Well, from that baseline, I suppose I should be compassionate towards myself, and 11 days without seeing anyone else (if you don’t count the gowned up swabbers on day 1, 5 and 9, or the Lowry-stick figures on Hindley Street, ten floors below).
Yesterday. Um, so long ago I don’t remember. This time 24 hours ago I was finishing off the daily reading from the Introductory Readings in Anthropology (see blog post here).
Breakfast was early because there was another intake of international arrivals (though the cap is getting halved next week, with implications for a) the medi-hotels and b) me getting outa here in September).
I did the blogging for that post, then a Shut Up and Write with my very good friend Heather Smith. I did some more writing, and a bit of plotting of First Day Out Of Quarantine (involves getting a bike serviced – I’d rather be cycling than riding a bus, just in general, but especially now – and also buying a second hand back pack that can cope with 40kg of bricks and weights).

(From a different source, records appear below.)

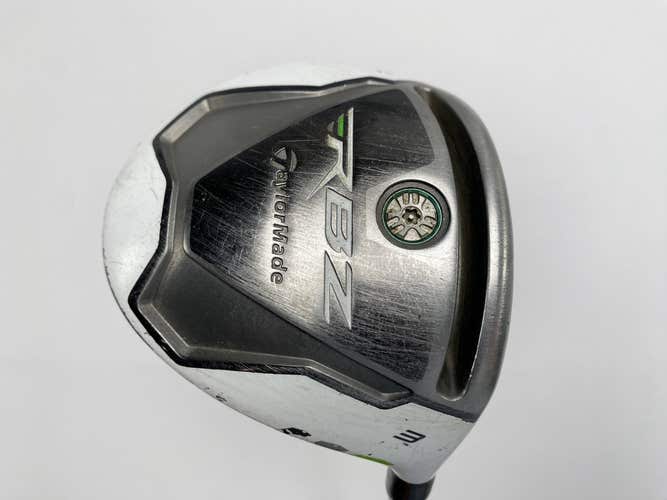 TaylorMade RocketBallz 3 Fairway Wood 15* AeroTech Claymore MX48 F3 Regular RH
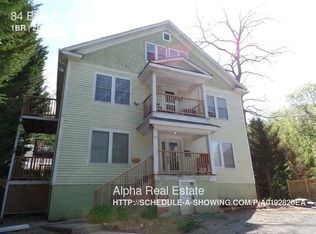 84 Edgemont Rd APT 2, Asheville, NC 28801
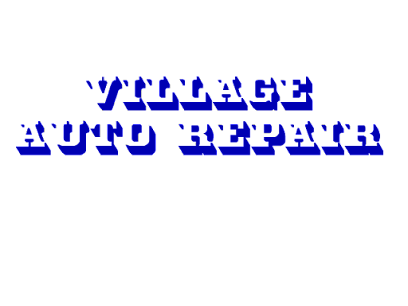 Company logo of Village Auto Repair Inc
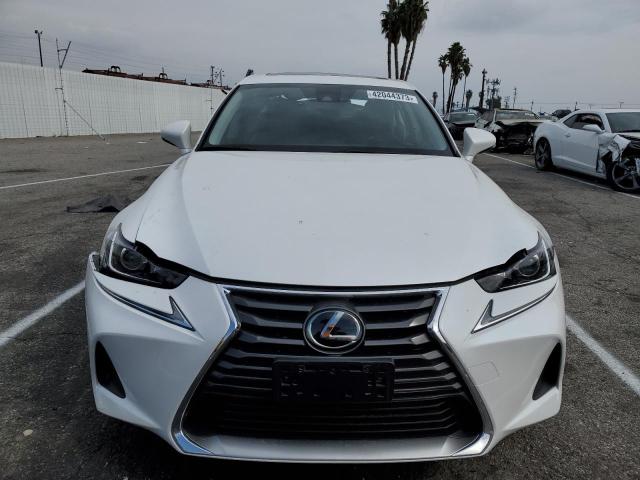 Photo 4 VIN: JTHBA1D24K5092435 - LEXUS IS 300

On that – I am not an idiot (well…) and won’t be trying to go straight back to my old distances and weight amounts (I yomp around Alexandra Park with 35 to 40 kgs of weight). However, I want to build up to that fairly quickly, and I’ve mapped out five different routes (including a monster one down to Glenelg and back the long way) that I want to do fairly regularly in my 67 (plus?) days on the outside, because there is still lard to shed, strength to gain and then maintain.
After lunch I thought I’d try to treat myself to some Crap TV. The Crap TV in question was “Fear is the Key” a 1972 action film based on an Alistair MacLean novel. Nice set-up (guy hears his wife and mate machine-gunned by a plane), then an interminable car chase and… yeah, I lost the will to live.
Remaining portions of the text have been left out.